Love Never Quits
Persistence is a virtue, I am beginning to realize. That and patience. The two are unusual companions when rearing teens. Let’s start with patience. A wise person once told a story about learning to watercolor. During the first art session, the teacher brushed on the first layer, a wash of cobalt blue, then leaned back in his chair. Silence settled over the room. The moment lengthened. What a waste of time! What was he waiting for? The teacher just sat there, silently. Finally, he dipped his brush back into the cobalt and painted another layer. “The most common mistake by novice painters,” he said, “is that they are so anxious to get finished, they don’t take time to let one layer dry before adding another layer.
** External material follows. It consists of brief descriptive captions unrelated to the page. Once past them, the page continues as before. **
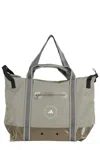 Adidas By Stella Mccartney Glossy Finish Tote With Logo And Zip Closure In Gray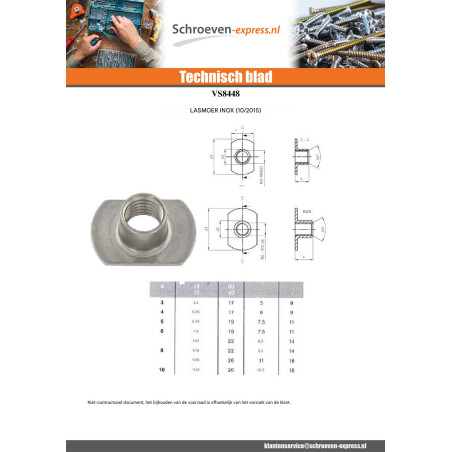 1 x Moer cilindrisch om te lassen M6 19X11 hoog 7.5 RVS A2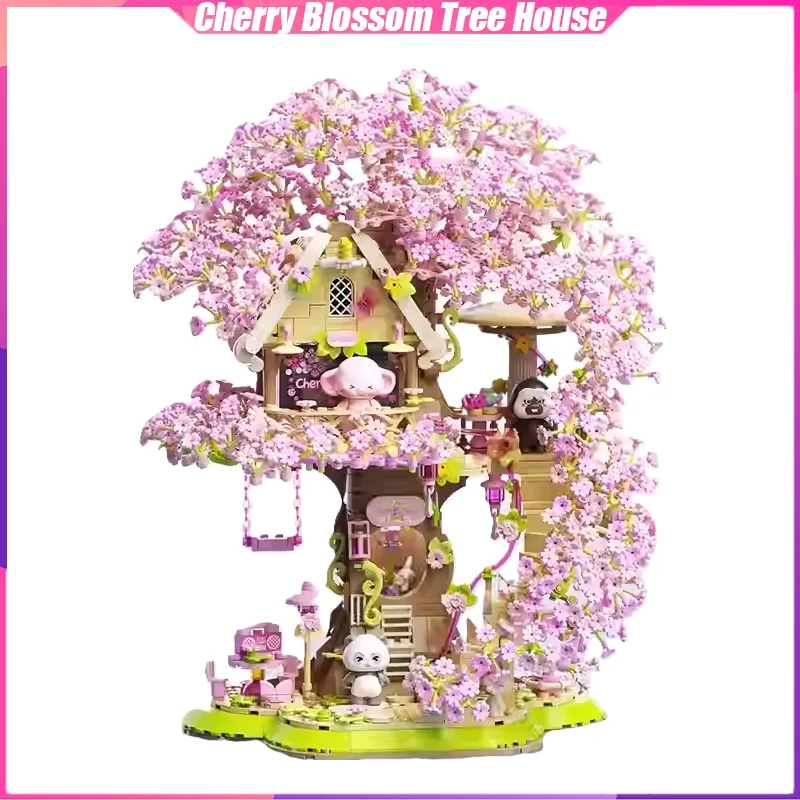 

Cherry Blossom Tree House Building Blocks Desktop Decoration Puzzle Assembling Model Toys Birthday Gifts for Boys and Girls
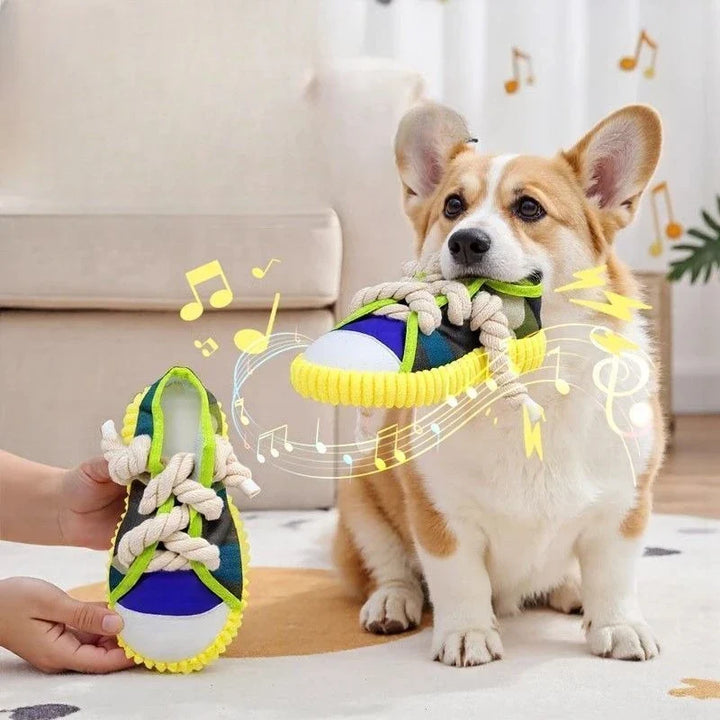 Robust hundelekene sneakers med tau og squeak-funksjon Skanto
Creating art requires patience and waiting.” I wondered if it were the same in raising children – a very special type of artistic endeavor. Could patience be a virtue? We have to be sure to wait, to give ourselves and our children time. And to not give up.
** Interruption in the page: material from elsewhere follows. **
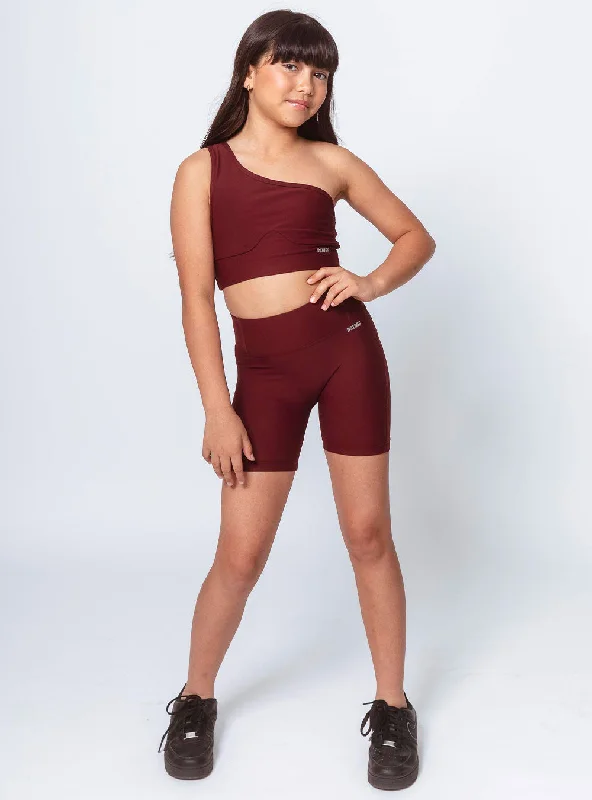 Girls Studio Bike Shorts Maroon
Persistence means being there for them. It is difficult when we are really frustrated. We cannot just give up on parenting when it is difficult. We need to find a way through. We need to try. A young mother was very exasperated by her child. He had been pushing all her buttons all day long. She told him, “you don’t even try to get along with me.” They lived on a street with mailboxes on posts out on the sidewalk. The mother one day found straw in the mailbox – someone had been playing tricks on her, perhaps her son, and had been putting twigs and straw in there. She brushed it away. The same thing happened the next day – he was really getting on her nerves now, playing tricks like that. She went out the next day and saw a bird leaving the box and inside were the twigs, straw and now a blue egg. It hadn’t been her son playing tricks after all. It was a very persistent bird, trying to build a nest. The young mother took her son out to see the nest. They left it alone and set up a cardboard box for the mail next to it. She sat down with her son in the house. “I am here to listen” she said to him. It was time for her to try. He poured out all his trials and tribulations and she listened. It seemed to be a new beginning for them. She needed to be persistent, but in a very different way than she had been.
Patience and persistence – strange bedfellows, but somehow essential to us as parents who care, who listen, and who make a difference to our children.